Introducing Automatic Metadata Extraction: Supercharge Your RAG Pipelines with Structured Information

Automatic Metadata Extraction is now available in Vectorize! This powerful addition transforms how you work with documents in your RAG pipelines. This feature allows you to extract structured information from your documents automatically, enhancing your retrieval capabilities and providing more context for your language models.
The Challenge of Unstructured Data
Organizations deal with vast amounts of unstructured documents daily – from technical specifications and financial reports to legal contracts and customer communications. While these documents contain valuable information, extracting specific data points has traditionally been a manual, time-consuming process.
Retrieval Augmented Generation (RAG) has already revolutionized how we interact with these documents by enabling semantic search and providing relevant context to language models.

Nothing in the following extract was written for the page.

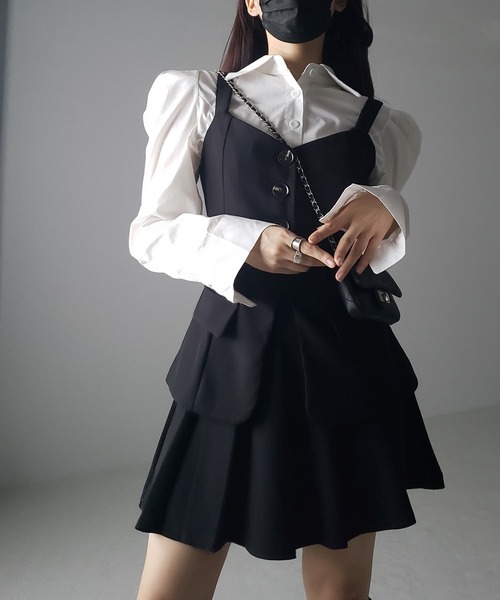 me+em select(ミームセレクト)の「【 3点セットアップ 】ショートシャツ&プリーツミニスカート&キャミビスチェ SET(セットアップ・レディース・ブラック/ブラウン・MEDIUM/SMALL)」の6枚目の写真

However, there’s been a missing piece: the ability to automatically extract and leverage structured information from within these documents.

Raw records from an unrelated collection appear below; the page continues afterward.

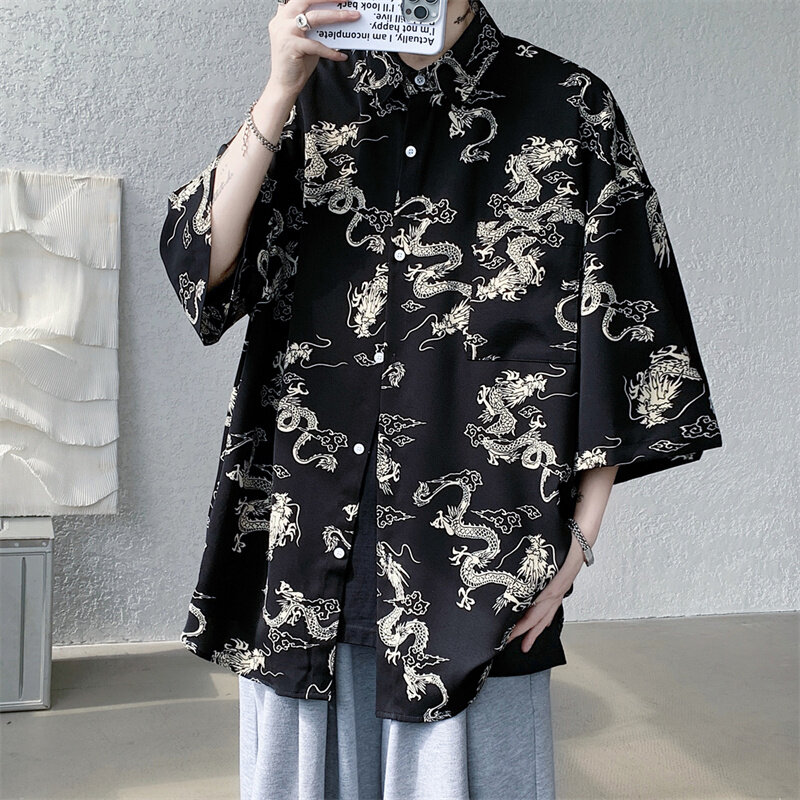 White Short Sleeve Shirt Men's Chinese Style Loose Shirts Chinese Characters and Chinese Divine Dragon Pattern Printed Camisa
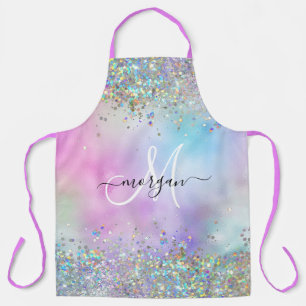 Holografische Glitter Regenboog Pastels Monogram Schort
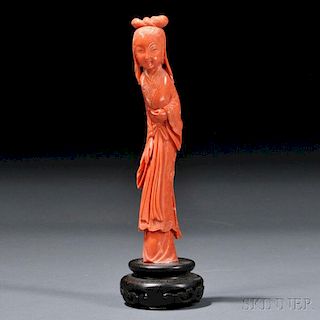 Carved Coral Figure of a Woman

Introducing Automatic Metadata Extraction
Our new Automatic Metadata Extraction feature bridges this gap by using Vectorize’s Iris model to analyze documents and extract structured information based on defined schemas. Iris handles the extraction of structured text from visually complex documents, while our metadata extraction system applies your schema to identify and populate the relevant fields — no manual labeling required. This extracted metadata enhances your retrieval capabilities in several ways:
- Improved Filtering: Use extracted metadata fields for precise filtering during retrieval
- Enhanced Context: Provide more structured information to your language models
- Better Organization: Categorize and classify documents automatically
- Deeper Insights: Extract specific data points like prices, part numbers, or technical specifications
Two Types of Metadata for Different Needs
Automatic Metadata Extraction supports two types of metadata, each serving different purposes:
Document Metadata
Document metadata is extracted by analyzing the entire document and is ideal for high-level information that applies to the document as a whole:
- Title and author
- Document type and classification
- Publication date
- Summary or conclusions
This metadata is attached to each chunk of the document, ensuring this high-level context is available regardless of which chunk is retrieved.
Section Metadata
Section metadata is applied at the chunk level and is perfect for more specific and detailed information that varies throughout the document:
- Part numbers
- Items purchased
- Values in dollars
- Technical specifications
- Status information
For each chunk, the model determines if it matches one of your defined section metadata schemas and extracts the relevant information.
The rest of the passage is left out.